I have recently got job offer in dubai and I am planning go there end of this month. And after settling there I have to call my wife and kid. Please let me know what are the documents needed for getting family visa, I heard I need marriage certificate (attested from ministry of Foreign Affairs ) + birth certificate of baby. Do I need to attest only english translation of Marriage certificate or attestation of Arabic translation is also required. Please guide me. Thanks in advance


----------



## imac (Oct 14, 2012)

Sweet Jebus...

This was on page 3!!

http://www.expatforum.com/expats/dubai-expat-forum-expats-living-dubai/196642-family-wife-visa.html

Short answer... get the original attested from everyone who needs to stamp (any local municipality/local government there, your foreign affairs there, UAE embassy there, UAE foreign affairs here)

once you are here, get it legally translated into Arabic...
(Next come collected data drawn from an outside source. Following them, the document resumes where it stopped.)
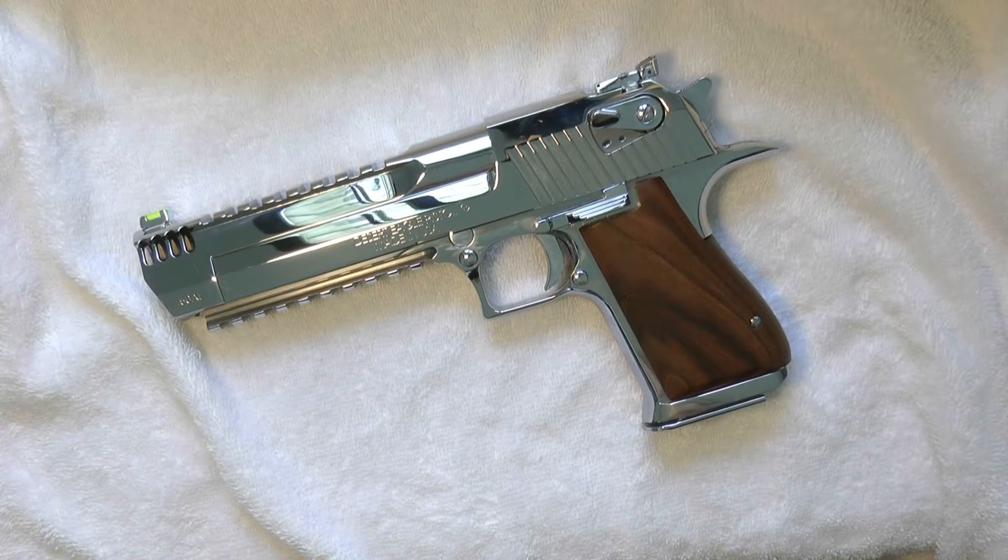Hi guys, thanks for tuning in. Today I'm going to do a quick review. Today's review is going to be some new sights I added to my Desert Eagle — I added some Williams fiber optic sights.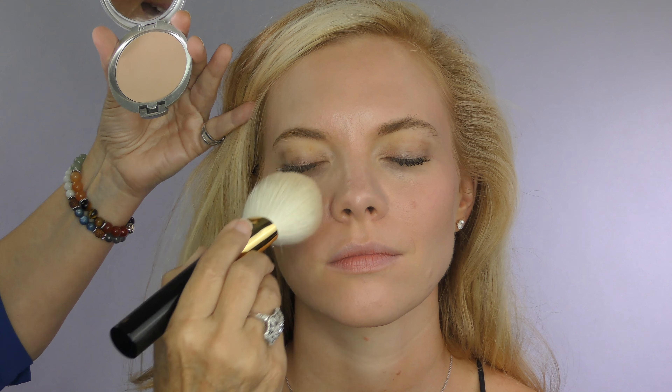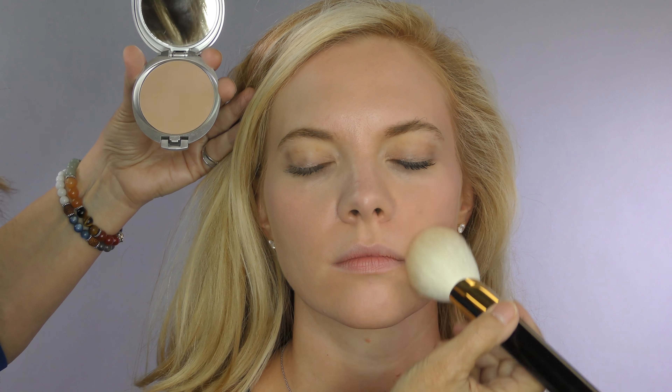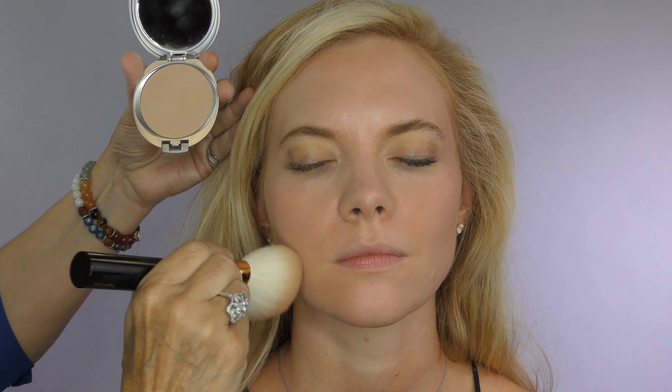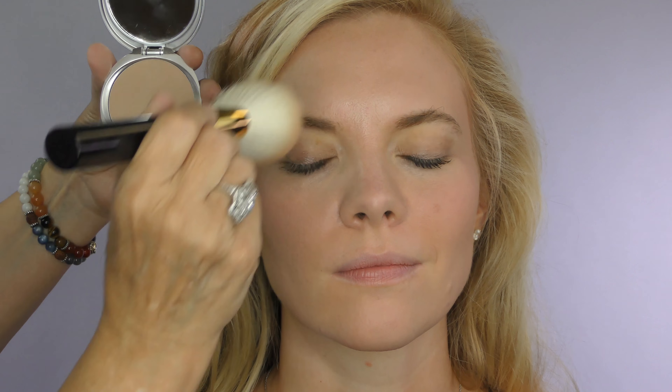Makes your skin look healthy, smooth, and youthful. Very creamy texture, nice pigment, goes on very easily, covers really pretty for a natural, soft, youthful foundation look.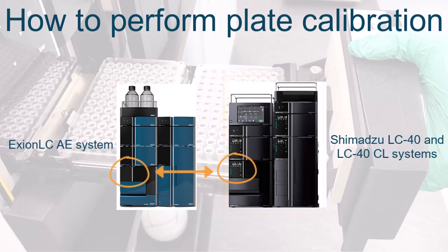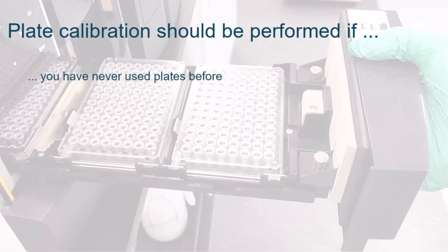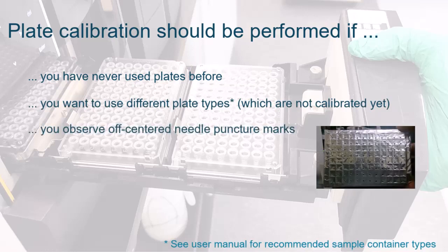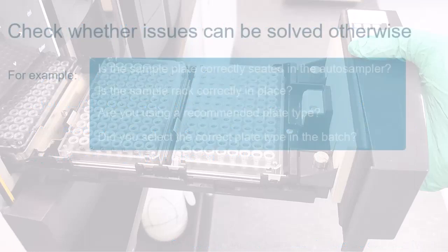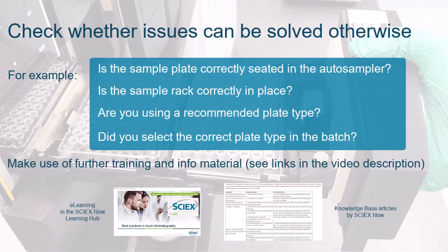The touchscreen may look slightly different, but the operation is the same for all system types. Plate calibration should be performed if you have never used plates before, you want to use different plate types, or if you have observed issues like off-centered needle puncture marks or even damaged needles. Check whether the issues can be solved by eliminating other possible causes before starting the plate calibration. Please refer to the manual or knowledge-based articles on the SykesNow Learning Hub.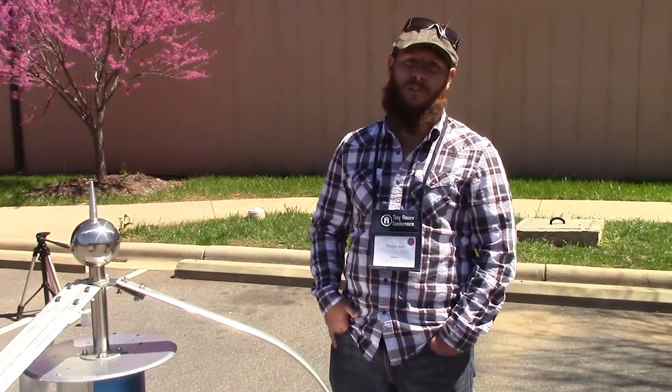Hi, my name is Tom. I'm with Off Grid Green. We sell all sorts of off-grid and sustainable products. The website is offgridgreen.com.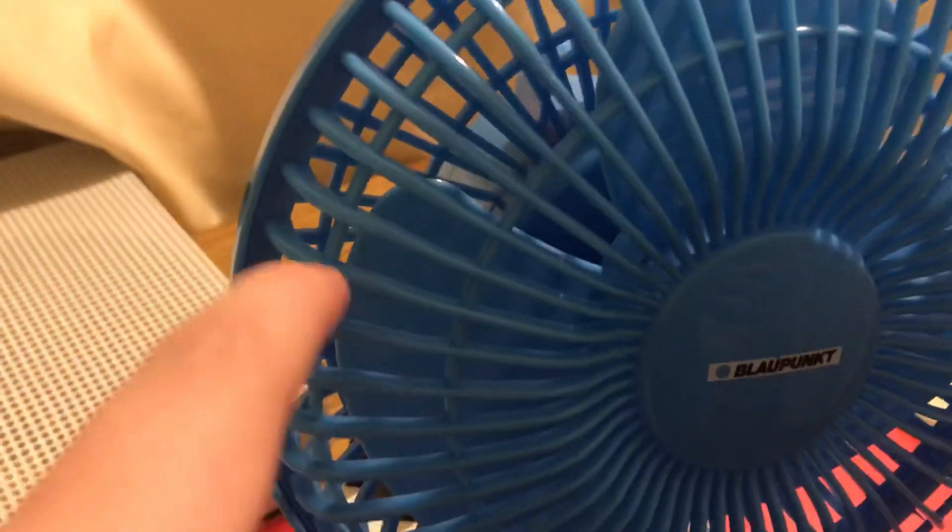It has two lines going around it — that one has one, like a ring or something. Now here's the back part of the grill — there's the back grill.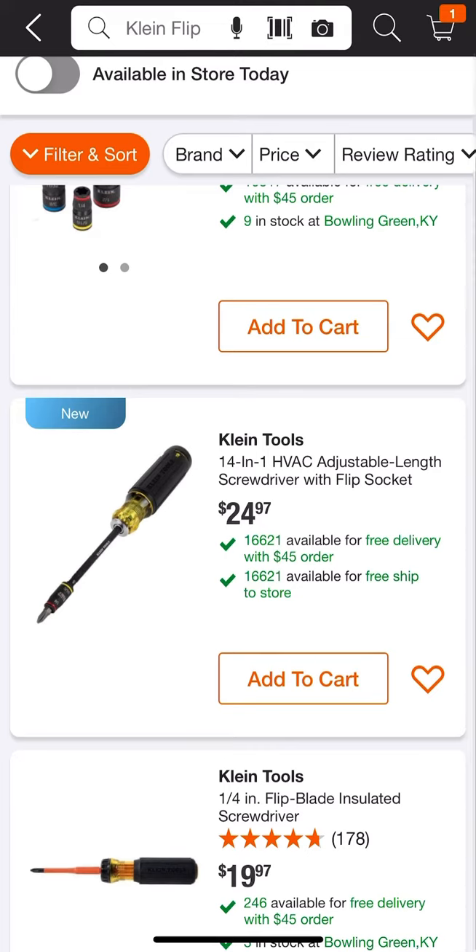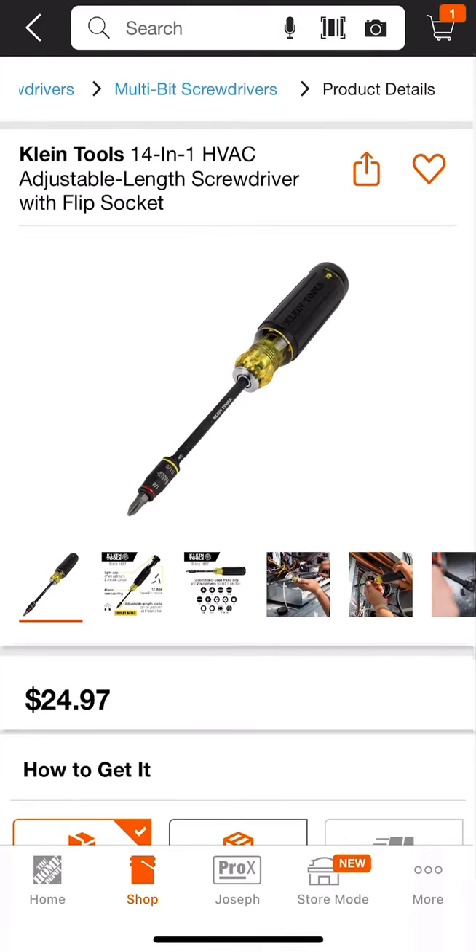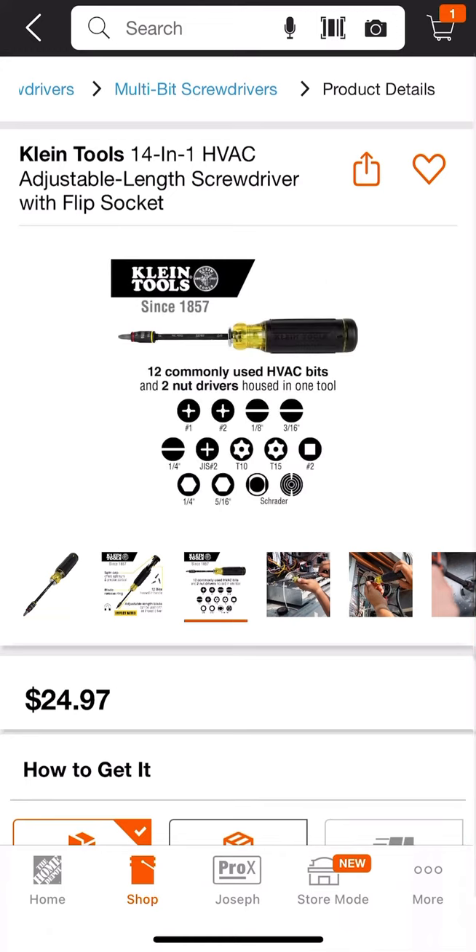The downside is it only comes with the quarter inch and the 5/16ths nut drivers. But if that's all you typically use and you want the bit storage, the adjustable length, and the ability to put driver bits in your quarter inch, this might be a great option at a better price. It also comes with Schrader bits, security torx bits — 12 commonly used HVAC bits and two nut drivers housed in one tool.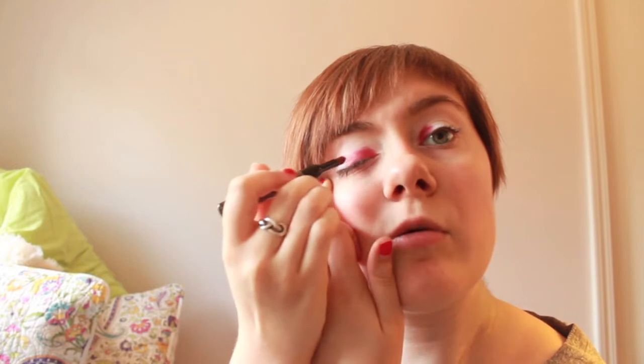You basically want to take the same brush and put a little bit right next to the red. Don't blend this in just yet — we're going to do the blending later.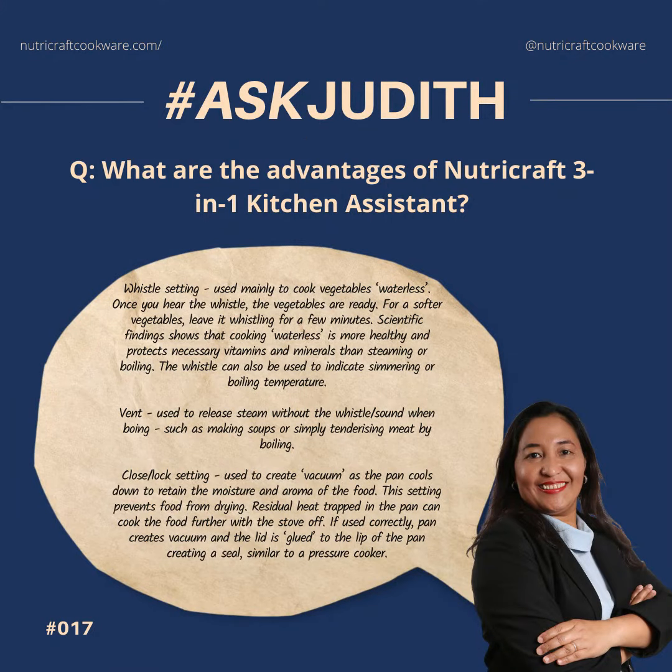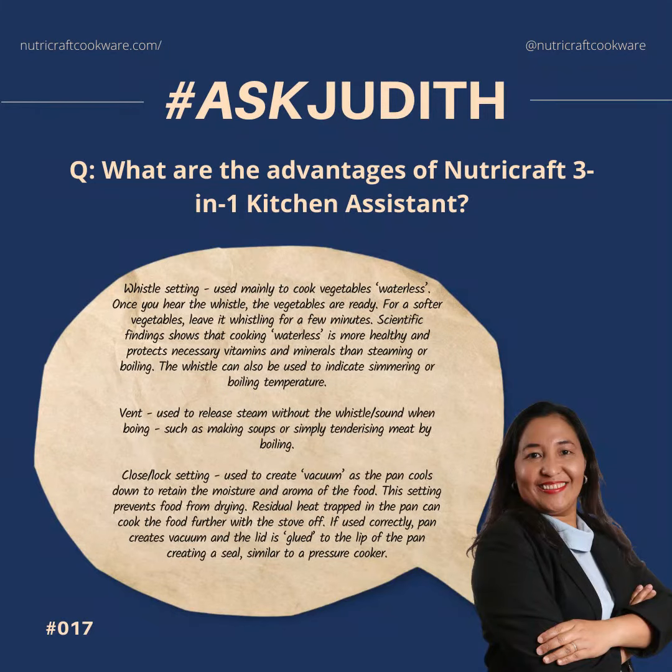What is the advantage of the Nutri-Craft 3-in-1 Kitchen Assistant? The first is the whistle setting, used mainly to cook vegetables waterless. Once you hear the whistle, the vegetables are ready.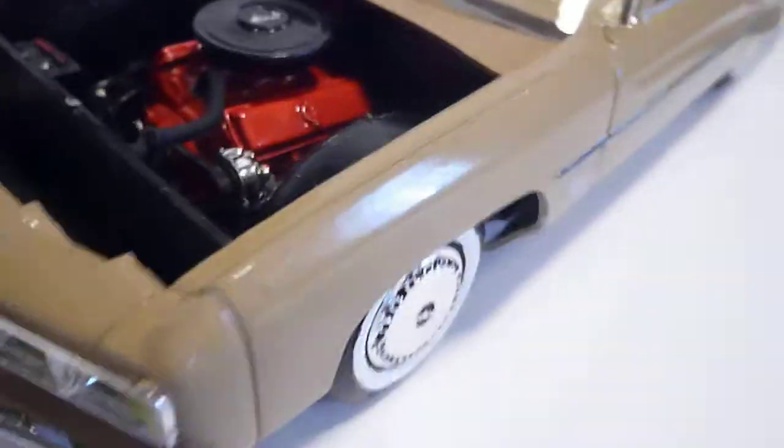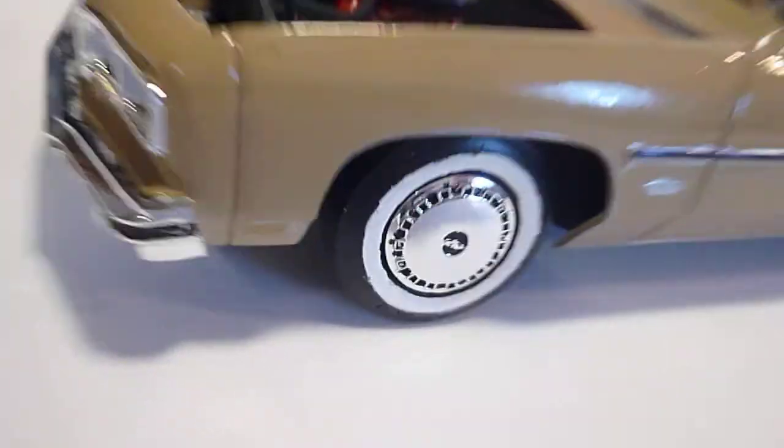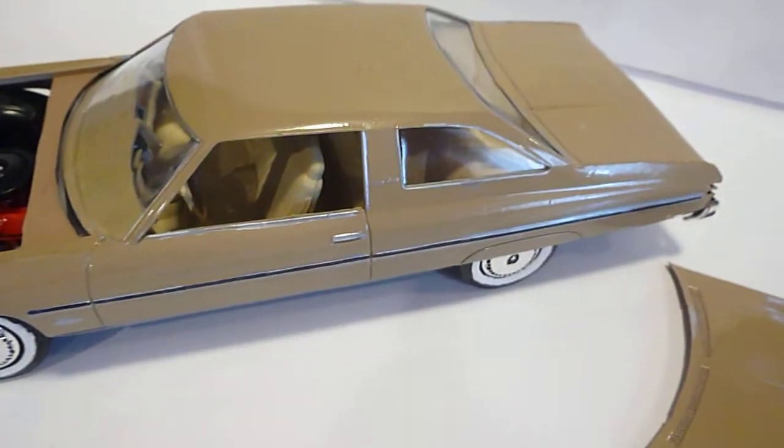This was a fun build. It'll go up with my other Impalas and Caprice collection in the cabinet. This is Robbie saying thanks.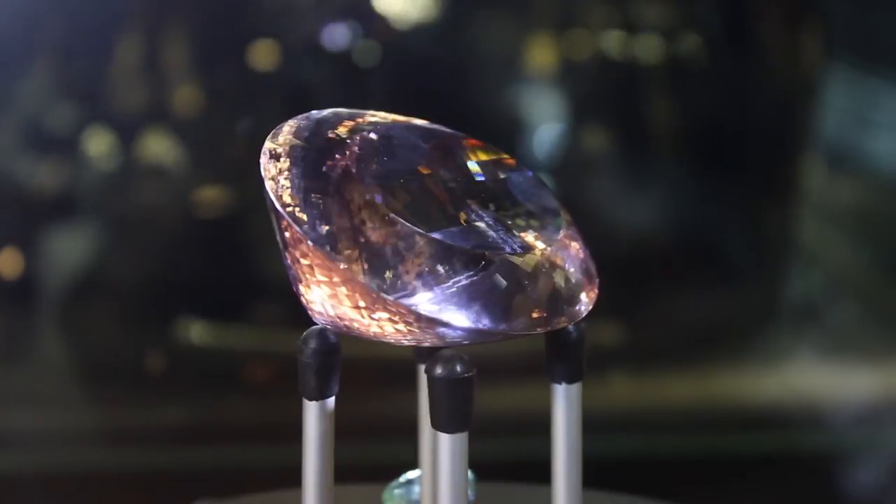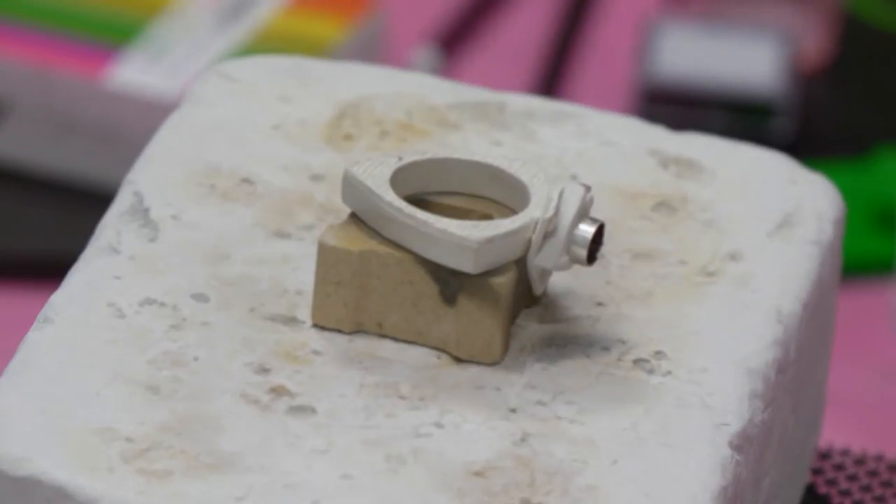During the afternoon, we'll continue making our pieces and completing them, polishing them, firing them, and by the end of the day, you'll be proudly wearing three pieces to take home.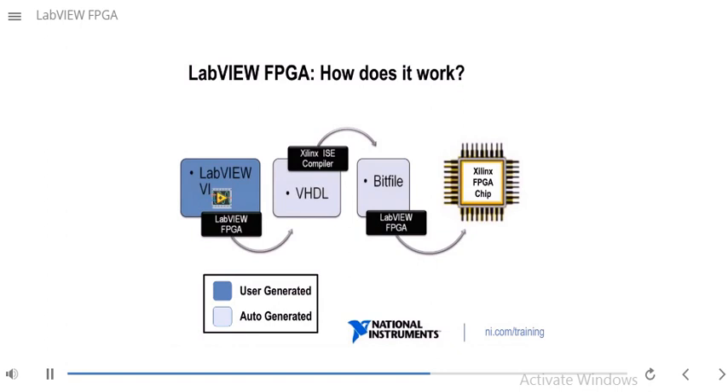So how does LabVIEW FPGA work? First, you will create a LabVIEW FPGA VI. When you run it, your VI will automatically be translated into VHDL code. Then industry-standard Xilinx compiler tools are invoked, and the VHDL code is optimized and synthesized into a hardware circuit realization of your LabVIEW FPGA VI. This process also applies timing constraints and tries to achieve an efficient use of FPGA resources. The result is a bit file, which contains instructions on how to configure the FPGA circuit. LabVIEW then loads the bit file to the FPGA chip to configure it to execute what you originally programmed.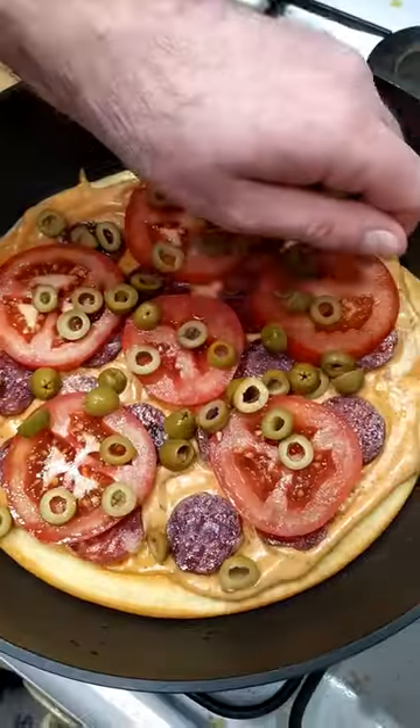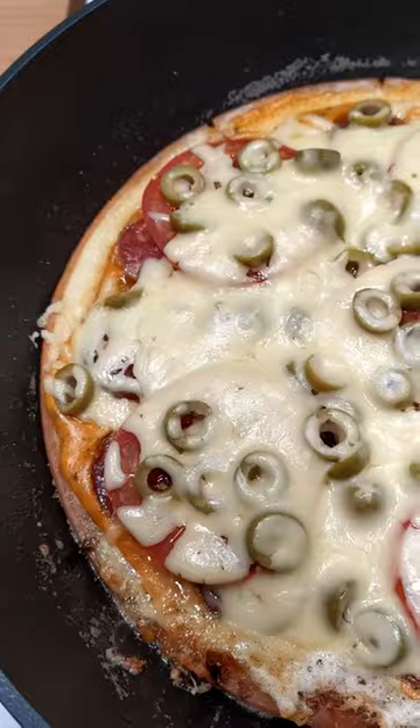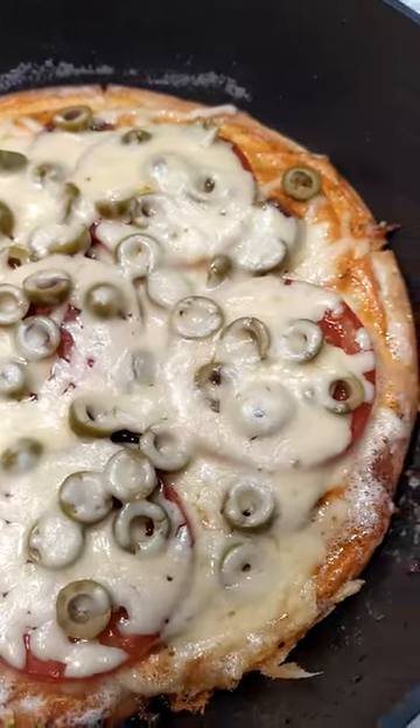Brush with sauce, add a little sausage, slices of tomato, olives, and sprinkle with grated cheese — then you will get an amazing pizza in a pan.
Marriage and birth both...


----------



## uberkoen (Sep 12, 2013)

bilal486 said:


> Hello fellows,
> 
> I have recently got job offer in dubai and I am planning go there end of this month. And after settling there I have to call my wife and kid. Please let me know what are the documents needed for getting family visa, I heard I need marriage certificate (attested from ministry of Foreign Affairs ) + birth certificate of baby. Do I need to attest only english translation of Marriage certificate or attestation of Arabic translation is also required. Please guide me. Thanks in advance


Just get the LEGAL ARABIC translation for the English version of the marriage certificate and birth certificate and get them attested at the Ministry of Foreign Affairs. Once you have this you can apply for their visa.


----------